A ByteString performance mystery

Aug. 23 2017haskell

This post will recount an interesting performance mystery from work a long way back. I wasn't involved in this murder mystery at the time, but that's all the more reason to get involved writing it up!

The problem is pretty simple: we have a buffer that is assumed to be ASCII alphanumerics, and we want to convert it to lowercase for comparison. It's in an inner loop, so it should be as fast as possible, though we are not quite willing to implement the entire program in C. We still want a typed interface and Hedgehog coverage.

If we want this to be a fast inner loop, we probably want to avoid unnecessary branching. Luckily, our input is in the right shape. There's a fairly well-known trick for upper- and lower-casing ASCII alphanumeric strings. Upper and lower case are exactly 0x20 apart, so it is common to check the case, then add or subtract 0x20. However, checking the case first would introduce a branch, so we can instead perform bitwise AND 0x20 (upper) or OR 0x20 (lower). This will produce some unusual output for characters that aren't alphanumeric, but we don't care in this particular case.

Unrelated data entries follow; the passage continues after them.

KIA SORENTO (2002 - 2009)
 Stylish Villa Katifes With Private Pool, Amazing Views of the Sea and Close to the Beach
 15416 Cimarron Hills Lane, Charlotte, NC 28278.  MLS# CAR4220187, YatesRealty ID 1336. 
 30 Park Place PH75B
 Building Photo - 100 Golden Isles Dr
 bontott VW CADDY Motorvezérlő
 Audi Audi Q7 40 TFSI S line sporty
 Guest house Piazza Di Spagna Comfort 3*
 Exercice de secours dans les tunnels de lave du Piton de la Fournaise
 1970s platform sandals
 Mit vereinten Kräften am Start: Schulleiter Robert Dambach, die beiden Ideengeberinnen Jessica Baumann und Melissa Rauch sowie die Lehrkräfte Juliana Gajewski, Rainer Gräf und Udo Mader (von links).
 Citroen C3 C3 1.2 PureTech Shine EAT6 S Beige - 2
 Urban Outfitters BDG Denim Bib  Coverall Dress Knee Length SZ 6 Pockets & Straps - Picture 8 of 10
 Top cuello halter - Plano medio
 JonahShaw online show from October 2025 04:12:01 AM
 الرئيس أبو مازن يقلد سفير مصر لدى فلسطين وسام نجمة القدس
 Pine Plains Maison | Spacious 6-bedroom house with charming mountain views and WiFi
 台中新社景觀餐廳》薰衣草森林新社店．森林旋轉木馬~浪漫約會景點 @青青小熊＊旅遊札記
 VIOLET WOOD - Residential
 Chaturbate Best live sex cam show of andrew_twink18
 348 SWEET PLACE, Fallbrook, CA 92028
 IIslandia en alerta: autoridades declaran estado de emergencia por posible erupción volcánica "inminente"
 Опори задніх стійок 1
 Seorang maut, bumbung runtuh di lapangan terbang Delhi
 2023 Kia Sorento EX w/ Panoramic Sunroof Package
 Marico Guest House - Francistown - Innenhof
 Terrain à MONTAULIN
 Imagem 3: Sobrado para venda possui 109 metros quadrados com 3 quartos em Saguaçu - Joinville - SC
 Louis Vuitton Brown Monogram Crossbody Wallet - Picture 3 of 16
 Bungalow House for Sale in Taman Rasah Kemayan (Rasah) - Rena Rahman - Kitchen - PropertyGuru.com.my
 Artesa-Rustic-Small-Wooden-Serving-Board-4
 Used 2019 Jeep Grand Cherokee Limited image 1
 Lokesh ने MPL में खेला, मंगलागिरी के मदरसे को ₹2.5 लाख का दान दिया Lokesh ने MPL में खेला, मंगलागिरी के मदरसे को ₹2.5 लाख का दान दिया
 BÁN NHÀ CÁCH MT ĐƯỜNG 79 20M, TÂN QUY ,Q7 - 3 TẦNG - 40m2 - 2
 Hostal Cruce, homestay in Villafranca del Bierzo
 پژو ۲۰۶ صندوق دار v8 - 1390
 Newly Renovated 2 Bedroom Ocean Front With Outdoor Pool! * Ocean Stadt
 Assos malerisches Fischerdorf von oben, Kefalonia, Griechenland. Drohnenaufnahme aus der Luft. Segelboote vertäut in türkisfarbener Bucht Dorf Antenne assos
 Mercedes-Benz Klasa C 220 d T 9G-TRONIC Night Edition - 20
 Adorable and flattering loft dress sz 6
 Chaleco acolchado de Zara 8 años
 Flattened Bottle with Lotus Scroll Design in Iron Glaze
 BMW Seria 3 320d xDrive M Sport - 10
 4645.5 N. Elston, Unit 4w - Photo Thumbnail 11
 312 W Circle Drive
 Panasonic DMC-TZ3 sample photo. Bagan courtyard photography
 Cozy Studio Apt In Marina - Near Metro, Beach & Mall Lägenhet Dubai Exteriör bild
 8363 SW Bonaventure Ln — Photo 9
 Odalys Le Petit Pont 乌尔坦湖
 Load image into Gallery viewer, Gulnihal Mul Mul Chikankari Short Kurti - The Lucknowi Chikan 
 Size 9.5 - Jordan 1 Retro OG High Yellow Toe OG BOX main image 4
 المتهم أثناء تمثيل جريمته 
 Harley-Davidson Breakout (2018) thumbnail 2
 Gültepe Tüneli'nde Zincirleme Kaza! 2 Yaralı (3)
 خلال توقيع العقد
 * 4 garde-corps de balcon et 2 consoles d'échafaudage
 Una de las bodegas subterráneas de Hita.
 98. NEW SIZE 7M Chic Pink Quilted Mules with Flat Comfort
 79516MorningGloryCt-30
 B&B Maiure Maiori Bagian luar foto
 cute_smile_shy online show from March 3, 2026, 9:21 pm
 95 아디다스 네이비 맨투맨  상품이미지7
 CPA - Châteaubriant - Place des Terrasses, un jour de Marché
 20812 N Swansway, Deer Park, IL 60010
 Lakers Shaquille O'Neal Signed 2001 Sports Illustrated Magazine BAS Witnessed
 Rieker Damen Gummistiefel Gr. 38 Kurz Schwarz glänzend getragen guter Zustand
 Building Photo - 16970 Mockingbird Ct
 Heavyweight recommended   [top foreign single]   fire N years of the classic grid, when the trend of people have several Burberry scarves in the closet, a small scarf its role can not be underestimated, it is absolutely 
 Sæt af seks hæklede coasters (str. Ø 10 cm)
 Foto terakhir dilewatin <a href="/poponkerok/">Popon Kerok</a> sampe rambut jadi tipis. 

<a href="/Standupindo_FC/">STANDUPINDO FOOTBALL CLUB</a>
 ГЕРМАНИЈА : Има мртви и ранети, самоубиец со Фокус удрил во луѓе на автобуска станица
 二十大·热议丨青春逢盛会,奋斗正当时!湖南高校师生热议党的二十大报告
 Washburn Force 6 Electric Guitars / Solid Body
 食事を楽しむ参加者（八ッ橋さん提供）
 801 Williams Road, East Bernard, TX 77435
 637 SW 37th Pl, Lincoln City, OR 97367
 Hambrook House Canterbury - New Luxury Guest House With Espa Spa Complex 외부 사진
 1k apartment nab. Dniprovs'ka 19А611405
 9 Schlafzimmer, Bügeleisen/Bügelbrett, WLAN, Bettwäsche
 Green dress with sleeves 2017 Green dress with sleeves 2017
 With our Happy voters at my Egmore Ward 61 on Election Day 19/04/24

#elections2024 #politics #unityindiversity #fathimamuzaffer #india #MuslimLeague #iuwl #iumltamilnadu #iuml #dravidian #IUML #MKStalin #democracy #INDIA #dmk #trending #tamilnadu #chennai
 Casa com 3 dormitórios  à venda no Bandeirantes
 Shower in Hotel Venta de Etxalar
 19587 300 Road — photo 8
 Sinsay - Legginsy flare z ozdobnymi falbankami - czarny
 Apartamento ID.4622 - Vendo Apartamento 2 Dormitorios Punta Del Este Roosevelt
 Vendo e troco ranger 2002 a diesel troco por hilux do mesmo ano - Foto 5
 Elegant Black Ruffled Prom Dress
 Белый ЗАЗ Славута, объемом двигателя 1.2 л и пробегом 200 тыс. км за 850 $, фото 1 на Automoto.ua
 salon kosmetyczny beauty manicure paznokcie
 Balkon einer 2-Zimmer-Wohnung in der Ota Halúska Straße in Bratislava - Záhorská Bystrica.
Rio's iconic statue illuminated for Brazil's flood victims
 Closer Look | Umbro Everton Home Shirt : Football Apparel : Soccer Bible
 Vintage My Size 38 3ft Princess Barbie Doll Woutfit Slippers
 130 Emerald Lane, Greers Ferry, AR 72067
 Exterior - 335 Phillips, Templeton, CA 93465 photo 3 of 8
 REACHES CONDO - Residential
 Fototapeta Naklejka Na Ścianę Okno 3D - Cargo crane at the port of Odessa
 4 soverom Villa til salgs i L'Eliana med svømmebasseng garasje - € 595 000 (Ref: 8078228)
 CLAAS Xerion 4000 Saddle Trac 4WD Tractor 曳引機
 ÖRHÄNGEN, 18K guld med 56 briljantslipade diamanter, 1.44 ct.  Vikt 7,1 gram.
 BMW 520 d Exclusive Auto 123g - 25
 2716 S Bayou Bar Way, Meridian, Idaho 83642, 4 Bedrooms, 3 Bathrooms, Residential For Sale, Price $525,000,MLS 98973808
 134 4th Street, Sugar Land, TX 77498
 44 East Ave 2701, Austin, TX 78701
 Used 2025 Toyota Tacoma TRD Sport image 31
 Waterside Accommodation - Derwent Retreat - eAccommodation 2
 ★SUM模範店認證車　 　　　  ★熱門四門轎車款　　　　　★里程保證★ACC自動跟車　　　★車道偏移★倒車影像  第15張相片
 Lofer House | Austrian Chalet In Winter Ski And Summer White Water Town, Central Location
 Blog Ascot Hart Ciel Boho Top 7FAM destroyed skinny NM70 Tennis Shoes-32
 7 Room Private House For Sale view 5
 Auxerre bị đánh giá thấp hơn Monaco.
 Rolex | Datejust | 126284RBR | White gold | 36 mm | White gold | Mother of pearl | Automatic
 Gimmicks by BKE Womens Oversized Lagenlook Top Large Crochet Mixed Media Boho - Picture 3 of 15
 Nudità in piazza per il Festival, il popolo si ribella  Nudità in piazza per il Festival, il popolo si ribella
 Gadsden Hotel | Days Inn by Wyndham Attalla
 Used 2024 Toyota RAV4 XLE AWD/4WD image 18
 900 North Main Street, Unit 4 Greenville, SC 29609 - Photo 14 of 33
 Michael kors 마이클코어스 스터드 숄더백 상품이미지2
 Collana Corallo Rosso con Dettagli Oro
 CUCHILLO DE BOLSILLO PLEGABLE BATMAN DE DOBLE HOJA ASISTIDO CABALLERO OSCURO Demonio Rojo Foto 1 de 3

We can implement this function in fairly idiomatic Haskell using ByteString primitives:

import           Data.Bits ((.|.))
import           Data.ByteString (ByteString)
import qualified Data.ByteString as B

toLowerNative :: ByteString -> ByteString
toLowerNative =
  B.map (.|. 0x20)

... and we can see that it works given ASCII:

λ> toLowerNative "ABCDE"
λ> toLowerNative "ABCDE123123123"
λ> toLowerNative "ABCDE123123123abcde"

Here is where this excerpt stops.